* _Task requirements_
Retype the listing exactly, with no images.

* _Data block_
§

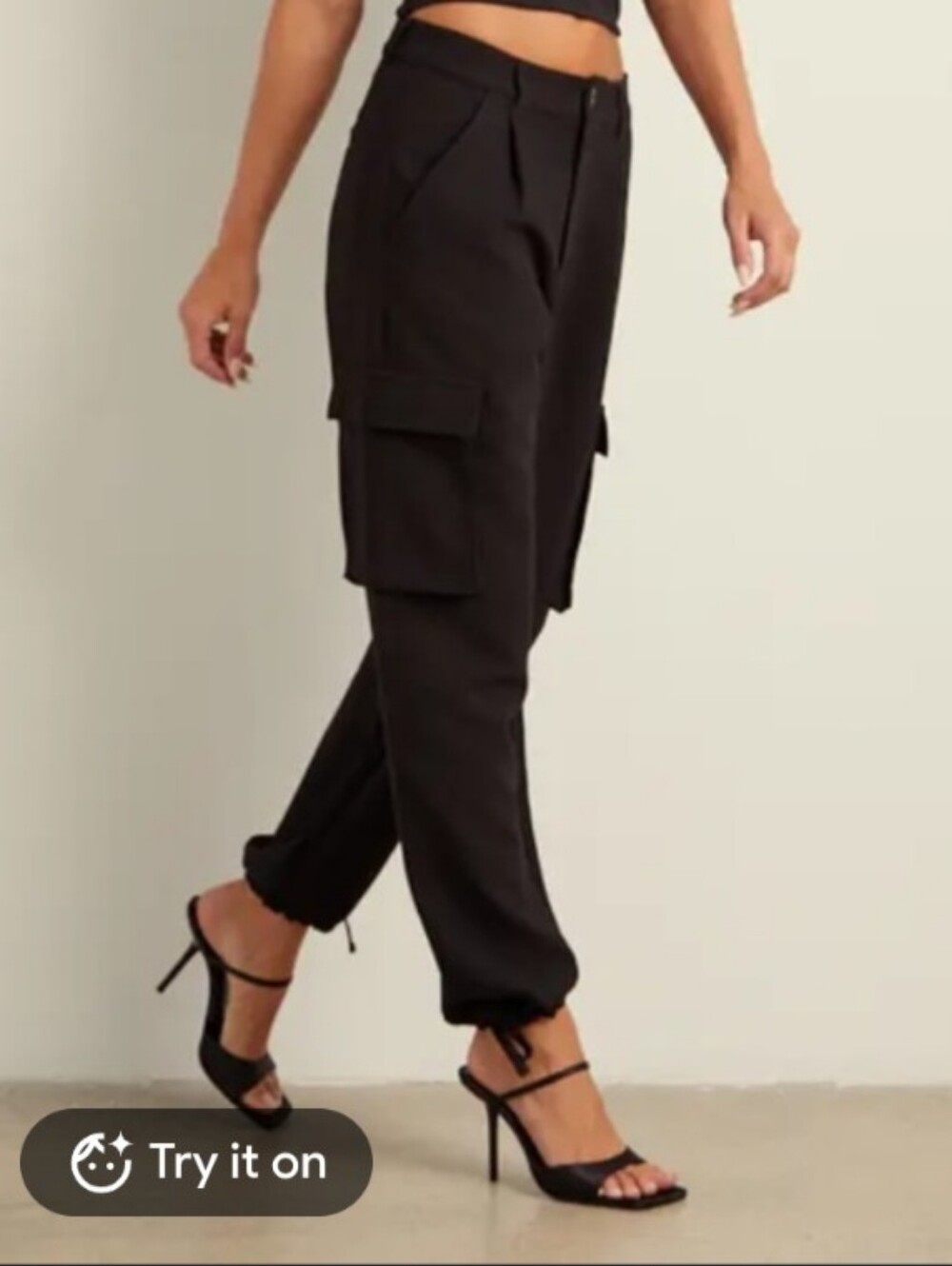 Bylt Midtown Straight Leg Cargo Pant - Black / XS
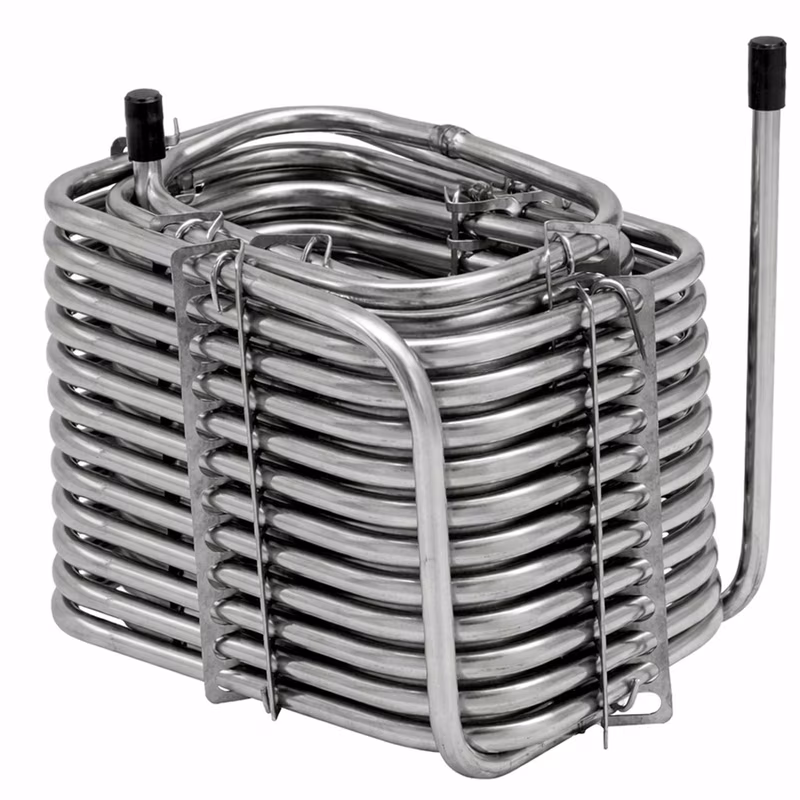 50-Foot Rectangular Stainless Steel Jockey Box Coil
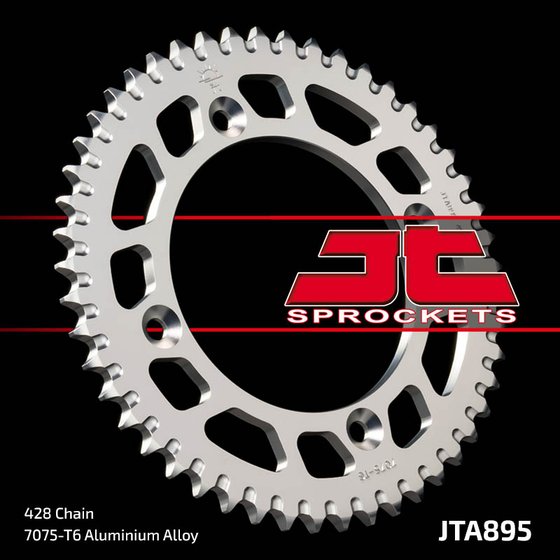 JTA895.50 JT Sprockets self-cleaning, lightweight rear sprocket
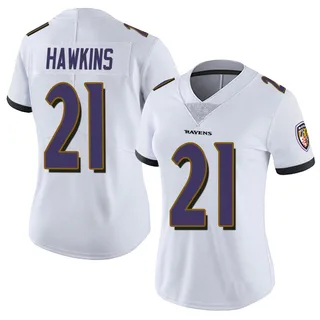 Jaylinn Hawkins Baltimore Ravens Women's Limited Vapor Untouchable Nike Jersey - White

§

* _Solution_
 Bylt Midtown Straight Leg Cargo Pant - Black / XS
 50-Foot Rectangular Stainless Steel Jockey Box Coil
 JTA895.50 JT Sprockets self-cleaning, lightweight rear sprocket
 Jaylinn Hawkins Baltimore Ravens Women's Limited Vapor Untouchable Nike Jersey - White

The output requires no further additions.